Against this, we have similarities of the sort best explained by a common root in Judaism (i.e., appointing groups of 12 to serve, copying the 12 tribes; eschatological expectations; administration; dualism) or in the political and social situation of the day (i.e., rejection of the corrupt Temple apparatus by some members; sharing of goods among an ingroup).

Vermes does see Paul adopting Qumranic symbolism for his own purposes [218] and also suggests that Christianity borrowed certain Essene models for "organization and religious practice." But this was done, he adds, after the manner of a nascent movement looking for practical tips to survive and operate.

A couple of final notes are in order:

  1. Any critic seeking to make light of the lack of mention of the Essenes in the NT as a proof of identity should know that the Essenes are also conspicuously not mentioned in the rabbinic literature [220]. Schubert [Sch123] adds that it is uncertain what the Essenes even called themselves; "Essenes" as a term is not even found in the Qumran texts.

    Schubert suggests Essenes may have been included en bloc as among those who were "looking for the Kingdom of God" along with righteous persons like Joseph of Arimathea. [125] Some have suggested as well that the male water carrier in the Gospels was an Essene. Some suggest that Luke 16:8-9 refers to the Essenes (who called themselves "children of light") but not all agree to this.
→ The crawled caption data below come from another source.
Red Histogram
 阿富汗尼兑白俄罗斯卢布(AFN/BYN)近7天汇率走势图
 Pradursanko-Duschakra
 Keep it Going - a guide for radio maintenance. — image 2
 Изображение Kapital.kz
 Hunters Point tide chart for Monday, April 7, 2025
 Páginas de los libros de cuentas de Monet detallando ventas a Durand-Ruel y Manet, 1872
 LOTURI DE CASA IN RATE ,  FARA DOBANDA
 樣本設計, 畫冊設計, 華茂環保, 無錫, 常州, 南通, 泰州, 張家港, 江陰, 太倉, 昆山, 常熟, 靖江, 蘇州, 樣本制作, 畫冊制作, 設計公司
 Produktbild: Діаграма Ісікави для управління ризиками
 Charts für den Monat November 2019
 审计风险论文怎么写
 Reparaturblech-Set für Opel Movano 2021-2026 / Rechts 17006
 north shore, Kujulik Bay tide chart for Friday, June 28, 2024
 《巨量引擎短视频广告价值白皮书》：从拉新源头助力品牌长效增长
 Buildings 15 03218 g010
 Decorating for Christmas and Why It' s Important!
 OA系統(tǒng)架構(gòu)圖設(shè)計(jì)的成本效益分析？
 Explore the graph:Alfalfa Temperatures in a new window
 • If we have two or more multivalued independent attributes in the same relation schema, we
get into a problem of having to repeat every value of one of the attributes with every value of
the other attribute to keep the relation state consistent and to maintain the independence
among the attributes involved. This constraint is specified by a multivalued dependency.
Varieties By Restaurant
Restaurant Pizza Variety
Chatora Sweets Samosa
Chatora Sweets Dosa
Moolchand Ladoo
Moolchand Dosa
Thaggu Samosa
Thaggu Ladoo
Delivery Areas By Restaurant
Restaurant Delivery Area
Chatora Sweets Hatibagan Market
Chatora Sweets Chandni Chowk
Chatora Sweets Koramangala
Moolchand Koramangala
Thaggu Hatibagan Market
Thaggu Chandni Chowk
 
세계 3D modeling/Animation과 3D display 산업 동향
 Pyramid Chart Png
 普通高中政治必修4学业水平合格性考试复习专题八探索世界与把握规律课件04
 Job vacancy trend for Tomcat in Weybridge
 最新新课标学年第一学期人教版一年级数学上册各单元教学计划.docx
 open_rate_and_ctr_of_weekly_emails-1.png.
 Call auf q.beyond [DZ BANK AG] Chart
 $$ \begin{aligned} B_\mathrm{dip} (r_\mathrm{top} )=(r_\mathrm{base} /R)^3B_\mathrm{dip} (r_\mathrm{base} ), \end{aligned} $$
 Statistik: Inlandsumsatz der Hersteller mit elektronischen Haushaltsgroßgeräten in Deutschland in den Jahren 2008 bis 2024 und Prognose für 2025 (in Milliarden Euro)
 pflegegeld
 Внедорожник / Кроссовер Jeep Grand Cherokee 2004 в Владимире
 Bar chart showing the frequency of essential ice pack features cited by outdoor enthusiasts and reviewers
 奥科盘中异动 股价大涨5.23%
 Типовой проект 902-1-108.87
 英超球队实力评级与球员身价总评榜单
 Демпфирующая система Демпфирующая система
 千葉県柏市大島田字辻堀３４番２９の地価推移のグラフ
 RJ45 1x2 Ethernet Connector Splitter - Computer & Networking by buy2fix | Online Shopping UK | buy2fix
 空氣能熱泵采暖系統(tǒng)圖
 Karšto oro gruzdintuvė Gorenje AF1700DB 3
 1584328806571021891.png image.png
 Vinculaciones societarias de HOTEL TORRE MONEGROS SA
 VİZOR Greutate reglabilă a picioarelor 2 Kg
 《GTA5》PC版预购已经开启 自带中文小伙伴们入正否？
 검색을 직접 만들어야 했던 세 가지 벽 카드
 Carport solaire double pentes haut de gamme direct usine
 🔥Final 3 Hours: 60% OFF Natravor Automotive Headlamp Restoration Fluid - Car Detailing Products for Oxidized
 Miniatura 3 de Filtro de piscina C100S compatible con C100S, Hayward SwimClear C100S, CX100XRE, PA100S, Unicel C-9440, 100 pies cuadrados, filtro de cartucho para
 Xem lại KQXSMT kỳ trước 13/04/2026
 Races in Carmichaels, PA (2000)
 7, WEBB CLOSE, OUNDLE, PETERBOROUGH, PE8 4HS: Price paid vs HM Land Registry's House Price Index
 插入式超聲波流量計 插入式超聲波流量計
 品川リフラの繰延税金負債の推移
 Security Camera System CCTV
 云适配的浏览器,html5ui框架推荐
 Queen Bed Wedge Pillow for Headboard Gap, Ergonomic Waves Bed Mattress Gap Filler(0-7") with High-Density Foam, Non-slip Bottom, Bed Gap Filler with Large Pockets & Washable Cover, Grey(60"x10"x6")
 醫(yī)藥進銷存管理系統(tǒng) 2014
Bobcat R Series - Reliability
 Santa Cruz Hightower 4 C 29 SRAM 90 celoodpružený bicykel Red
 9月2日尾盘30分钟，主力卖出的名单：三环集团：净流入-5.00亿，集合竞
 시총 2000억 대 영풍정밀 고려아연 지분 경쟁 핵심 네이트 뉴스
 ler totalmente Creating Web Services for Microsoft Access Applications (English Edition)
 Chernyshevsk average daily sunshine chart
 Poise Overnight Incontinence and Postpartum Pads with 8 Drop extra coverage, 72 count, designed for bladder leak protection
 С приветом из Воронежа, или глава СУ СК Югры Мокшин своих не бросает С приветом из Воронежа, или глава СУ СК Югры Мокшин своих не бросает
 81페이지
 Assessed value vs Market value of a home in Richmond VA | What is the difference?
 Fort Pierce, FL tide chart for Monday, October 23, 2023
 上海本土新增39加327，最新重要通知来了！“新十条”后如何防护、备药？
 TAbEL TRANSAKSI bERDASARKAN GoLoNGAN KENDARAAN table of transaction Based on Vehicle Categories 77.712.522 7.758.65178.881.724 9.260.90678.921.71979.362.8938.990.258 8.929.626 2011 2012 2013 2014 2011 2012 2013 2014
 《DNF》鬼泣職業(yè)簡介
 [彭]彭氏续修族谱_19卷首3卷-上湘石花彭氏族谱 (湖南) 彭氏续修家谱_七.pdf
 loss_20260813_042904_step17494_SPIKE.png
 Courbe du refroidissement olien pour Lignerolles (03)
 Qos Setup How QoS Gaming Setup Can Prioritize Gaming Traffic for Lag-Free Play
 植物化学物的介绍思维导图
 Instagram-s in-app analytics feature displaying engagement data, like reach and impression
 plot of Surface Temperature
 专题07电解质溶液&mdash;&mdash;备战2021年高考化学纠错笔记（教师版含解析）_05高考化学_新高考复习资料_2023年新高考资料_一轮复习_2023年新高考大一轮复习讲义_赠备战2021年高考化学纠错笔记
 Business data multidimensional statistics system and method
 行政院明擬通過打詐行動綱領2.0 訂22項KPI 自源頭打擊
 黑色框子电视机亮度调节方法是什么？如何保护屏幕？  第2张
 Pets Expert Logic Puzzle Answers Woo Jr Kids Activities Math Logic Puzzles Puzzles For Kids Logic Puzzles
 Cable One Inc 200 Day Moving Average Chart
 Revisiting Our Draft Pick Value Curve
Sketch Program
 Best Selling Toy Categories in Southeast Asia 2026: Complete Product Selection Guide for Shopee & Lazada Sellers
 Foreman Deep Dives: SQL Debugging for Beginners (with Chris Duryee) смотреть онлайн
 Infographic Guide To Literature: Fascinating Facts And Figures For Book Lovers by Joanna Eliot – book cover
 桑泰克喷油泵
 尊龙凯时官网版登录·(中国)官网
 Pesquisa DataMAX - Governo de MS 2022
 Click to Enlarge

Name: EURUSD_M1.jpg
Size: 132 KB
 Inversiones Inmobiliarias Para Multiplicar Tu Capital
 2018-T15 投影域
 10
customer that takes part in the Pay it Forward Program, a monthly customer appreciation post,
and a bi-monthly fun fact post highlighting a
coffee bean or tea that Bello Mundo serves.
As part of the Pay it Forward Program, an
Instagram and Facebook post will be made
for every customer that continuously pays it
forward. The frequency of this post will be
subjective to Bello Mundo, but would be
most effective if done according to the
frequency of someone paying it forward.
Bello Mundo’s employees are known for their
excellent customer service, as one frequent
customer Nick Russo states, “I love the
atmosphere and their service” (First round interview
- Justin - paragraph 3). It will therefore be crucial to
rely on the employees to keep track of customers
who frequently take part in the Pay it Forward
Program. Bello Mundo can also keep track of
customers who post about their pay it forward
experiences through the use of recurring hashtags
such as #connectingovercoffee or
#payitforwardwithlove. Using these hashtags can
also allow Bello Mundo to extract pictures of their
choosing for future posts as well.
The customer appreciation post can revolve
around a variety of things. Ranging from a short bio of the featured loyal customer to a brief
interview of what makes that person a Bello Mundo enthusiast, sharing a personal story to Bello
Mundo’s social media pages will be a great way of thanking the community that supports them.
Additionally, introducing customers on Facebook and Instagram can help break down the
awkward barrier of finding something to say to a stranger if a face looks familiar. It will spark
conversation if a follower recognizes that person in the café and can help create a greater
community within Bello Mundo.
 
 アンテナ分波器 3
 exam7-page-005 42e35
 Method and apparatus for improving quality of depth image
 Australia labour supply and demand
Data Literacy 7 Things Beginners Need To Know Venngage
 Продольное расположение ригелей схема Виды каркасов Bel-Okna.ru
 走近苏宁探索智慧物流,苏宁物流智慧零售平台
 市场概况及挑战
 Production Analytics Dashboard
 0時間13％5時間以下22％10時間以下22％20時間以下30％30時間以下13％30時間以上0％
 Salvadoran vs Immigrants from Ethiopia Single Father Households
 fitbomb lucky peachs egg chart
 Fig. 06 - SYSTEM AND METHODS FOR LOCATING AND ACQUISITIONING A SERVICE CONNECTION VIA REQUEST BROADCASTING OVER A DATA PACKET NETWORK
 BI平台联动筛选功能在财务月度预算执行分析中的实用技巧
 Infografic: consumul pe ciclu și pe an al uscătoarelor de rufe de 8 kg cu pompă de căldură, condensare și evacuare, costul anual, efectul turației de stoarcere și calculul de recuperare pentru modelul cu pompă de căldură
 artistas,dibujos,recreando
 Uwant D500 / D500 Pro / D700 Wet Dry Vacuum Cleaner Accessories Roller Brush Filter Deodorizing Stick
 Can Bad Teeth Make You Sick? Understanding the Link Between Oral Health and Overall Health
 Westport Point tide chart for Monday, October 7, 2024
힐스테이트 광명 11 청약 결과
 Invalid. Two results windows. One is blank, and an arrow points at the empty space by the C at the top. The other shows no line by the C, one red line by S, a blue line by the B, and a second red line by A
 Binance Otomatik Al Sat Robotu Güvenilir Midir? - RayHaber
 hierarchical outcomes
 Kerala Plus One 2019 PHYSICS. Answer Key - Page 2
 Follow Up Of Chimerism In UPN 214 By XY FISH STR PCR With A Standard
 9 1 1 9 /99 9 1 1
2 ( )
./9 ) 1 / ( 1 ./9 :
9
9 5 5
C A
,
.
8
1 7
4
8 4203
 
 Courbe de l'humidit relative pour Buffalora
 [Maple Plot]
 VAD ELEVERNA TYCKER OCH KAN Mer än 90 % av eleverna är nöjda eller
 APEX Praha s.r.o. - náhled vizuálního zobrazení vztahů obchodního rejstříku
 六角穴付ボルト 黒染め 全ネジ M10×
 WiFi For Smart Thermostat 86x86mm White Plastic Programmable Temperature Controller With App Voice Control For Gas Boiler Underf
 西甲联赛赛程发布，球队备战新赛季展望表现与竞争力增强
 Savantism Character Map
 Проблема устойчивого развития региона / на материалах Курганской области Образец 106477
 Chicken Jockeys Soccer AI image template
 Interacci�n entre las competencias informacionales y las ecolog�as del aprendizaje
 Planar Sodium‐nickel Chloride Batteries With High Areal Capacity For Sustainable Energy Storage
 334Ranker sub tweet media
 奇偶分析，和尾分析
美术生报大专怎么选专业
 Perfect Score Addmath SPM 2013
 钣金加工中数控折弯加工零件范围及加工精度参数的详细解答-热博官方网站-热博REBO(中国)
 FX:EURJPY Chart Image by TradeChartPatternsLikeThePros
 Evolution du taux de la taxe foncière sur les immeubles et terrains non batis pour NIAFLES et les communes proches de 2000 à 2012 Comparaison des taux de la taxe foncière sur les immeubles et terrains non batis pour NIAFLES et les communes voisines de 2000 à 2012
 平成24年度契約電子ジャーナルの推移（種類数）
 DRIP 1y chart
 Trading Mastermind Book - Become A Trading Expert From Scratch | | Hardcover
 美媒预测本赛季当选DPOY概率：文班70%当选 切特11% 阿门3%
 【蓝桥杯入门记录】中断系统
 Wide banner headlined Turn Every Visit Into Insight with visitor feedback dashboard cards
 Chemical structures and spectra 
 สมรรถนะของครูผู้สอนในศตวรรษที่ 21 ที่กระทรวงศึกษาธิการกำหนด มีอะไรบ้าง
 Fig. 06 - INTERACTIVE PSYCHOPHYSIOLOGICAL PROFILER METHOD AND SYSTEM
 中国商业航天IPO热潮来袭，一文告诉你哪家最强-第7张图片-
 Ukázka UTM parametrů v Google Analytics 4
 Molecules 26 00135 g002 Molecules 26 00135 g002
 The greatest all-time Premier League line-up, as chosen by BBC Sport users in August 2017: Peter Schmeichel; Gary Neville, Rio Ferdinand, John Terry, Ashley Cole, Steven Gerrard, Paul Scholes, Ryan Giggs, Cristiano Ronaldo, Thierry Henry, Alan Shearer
  2. Having seen such differences as above, the resort will inevitably be to, "Well of course, Christianity came from Essenism, but evolved into a different movement." At the point this is used, the data is being molded to fit the theory rather than the other way around. The differences above are so radical that "evolution" would be a far more complex theory than independence and would require a great deal more tangible evidence than, "John the Baptist hung around in the same neck of the woods".

    The differences are enormous and cut to the fundamentals of each movement, so that foundational independence, with common roots in Judaism and influence only of the sort found among any pair of social movements in the same political and religious milieu, is a far simpler and easier explanation.